Pattern: Break away from the model of monolithic data stores, and adopt a model of federated data.

Over the last 30 years, enterprises have moved towards data consolidation. That is they have moved from multiple data-processing systems to OLTP databases to single ERP instances. However, it is difficult ever to get to a single ERP instance and maintain it. Some of the reasons for this lie in the normal way in which business is conducted nowadays. For example, mergers, acquisitions, globalization, matrixed organizational structures, and outsourcing all have a tendency to pull data apart. A combination of service orientation and the BDC provides a way to manage this distribution of data. SOA discussions typically revolve around messaging, but there are important issues around how data is used by services such as: How does data flow between services? How are messages defined? What data is shared? How is data inside a service different from data outside a service? How is data represented inside and outside services?
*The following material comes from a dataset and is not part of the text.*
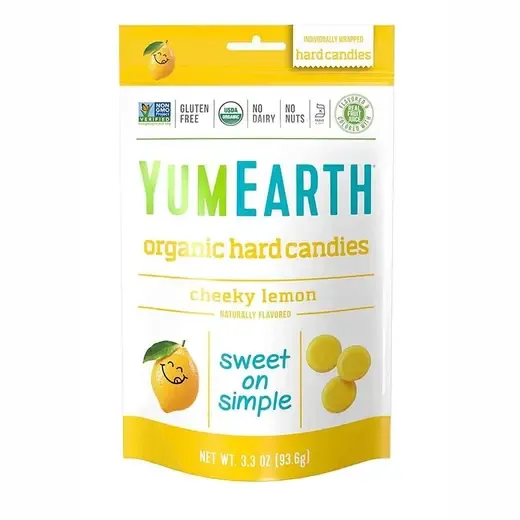 Cheeky Lemon Hard Candies 3.3 oz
Pattern: Treat data inside services differently from data outside services.

Typically, data outside services should just be messages that are passing from one service to another; while data inside a service is private to that service, bounded by transactions, and encapsulated by service code. Usually, transactions take a database from one consistent state to another. However, ensuring data consistency across services is hard. For example, services deal with data in the present, but data on the outside exists in the past. Maintaining shared collections of data across services can be hugely challenging, and distributed transactions are not the answer for a loosely coupled and service-oriented world. Pat Helland looks at this problem in the article "Data on the Outside vs. Data on the Inside," in the MSDN Library, and studies the implication that data must be segmented into different types and treated differently. For example:

  • Reference (or Master) data (such as a product catalog)—This data can be used to create service requests in a format interpretable by all parties. This data can be replicated and cached multiple times, because it doesn't have to be 100 percent consistent. For example, it might be OK to order parts in April from a March catalog. However, reference data does need to have a stable identifier, so that it can be referenced by a service request (for example, Item 23 in the March 2005 catalog). These entities are usually not dependent on other entities (such as through foreign key relationships). Typically, updates to this data are infrequent and tightly controlled to prevent synchronization problems arising from replication.
  • Resource data (SKUs, inventory)—These entities have a very long lifetime. The format and update of these entities is private to a service that owns it. Updates to this data are very frequent, such as updates to the stock on hand for an item. Typically, this kind of data has dependencies (such as through foreign key relationships) to reference data.
  • Activity data (orders, itineraries)—These entities have a life cycle that is bounded by business activities, such as order life cycle from creation to fulfillment to payment receipt. However, these life cycles can be extended by reporting needs, although expiration policies must be put into place. The format of these entities should be private to the service that owns it. Typically, this kind of data has dependencies (such as through foreign key relationships) to reference data.
  • Service-interaction data (PO request forms)—These are the messages that travel between services. It is important to ensure guaranteed delivery of these messages. XML is a good representation for such data, and this data is implicitly immutable.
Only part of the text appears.